→ **TASK DESCRIPTION**
Go to the line containing "Cat and dog" in the material below. From there to the end, retype every line exactly and drop the pictures.

==== DATA PROVIDED

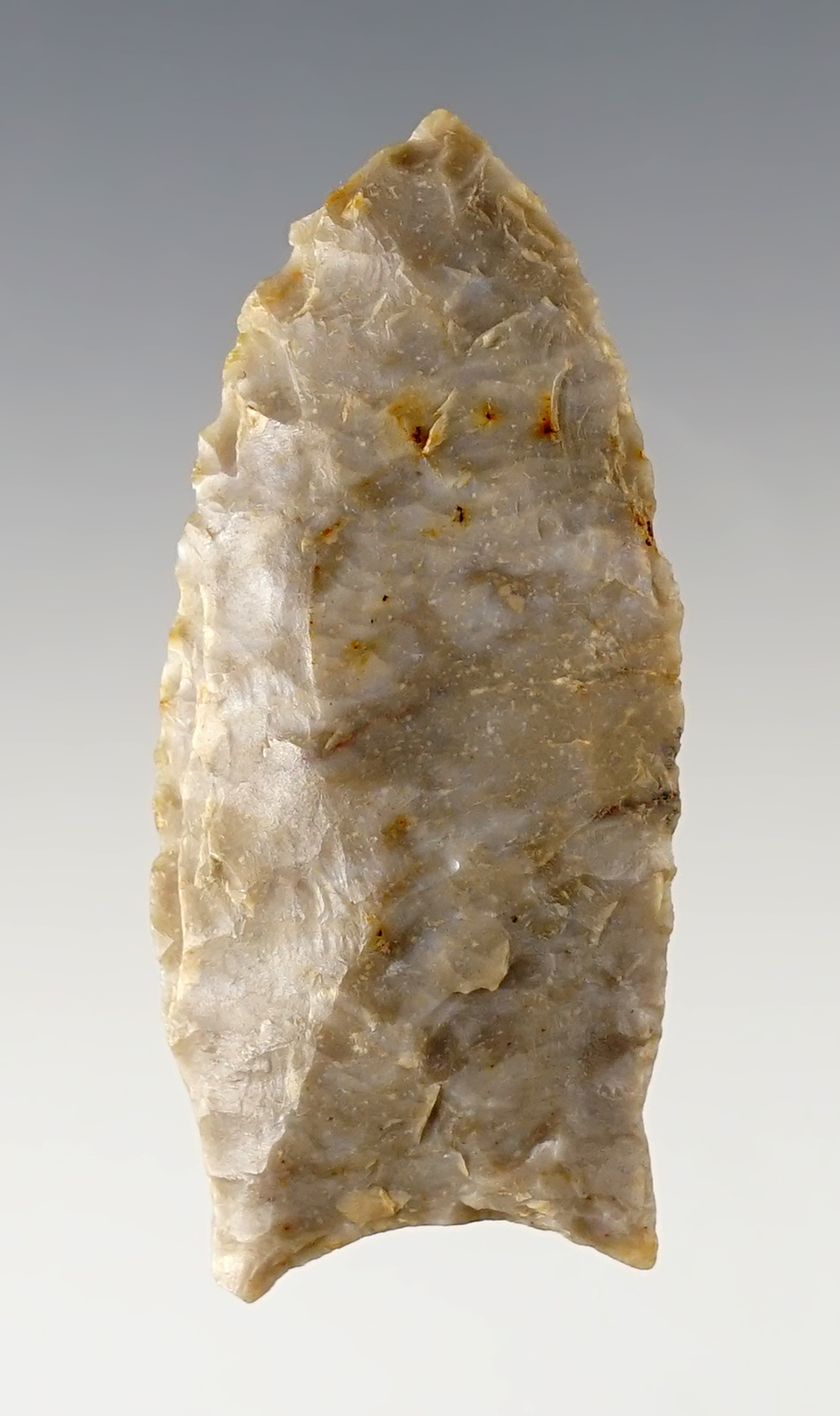 2 1/8" Auriculate Paleo Dart point with excellent grinding to the basal area. Found in Ohio.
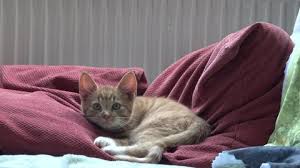 Cat and dog sleeping together. American Shorthair Cat Stock Video Footage 4k And Hd Video Clips Shutterstock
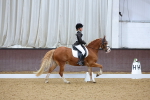 SBM_004205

========

→ **EXERCISE SOLUTION**
 Cat and dog sleeping together. American Shorthair Cat Stock Video Footage 4k And Hd Video Clips Shutterstock
 SBM_004205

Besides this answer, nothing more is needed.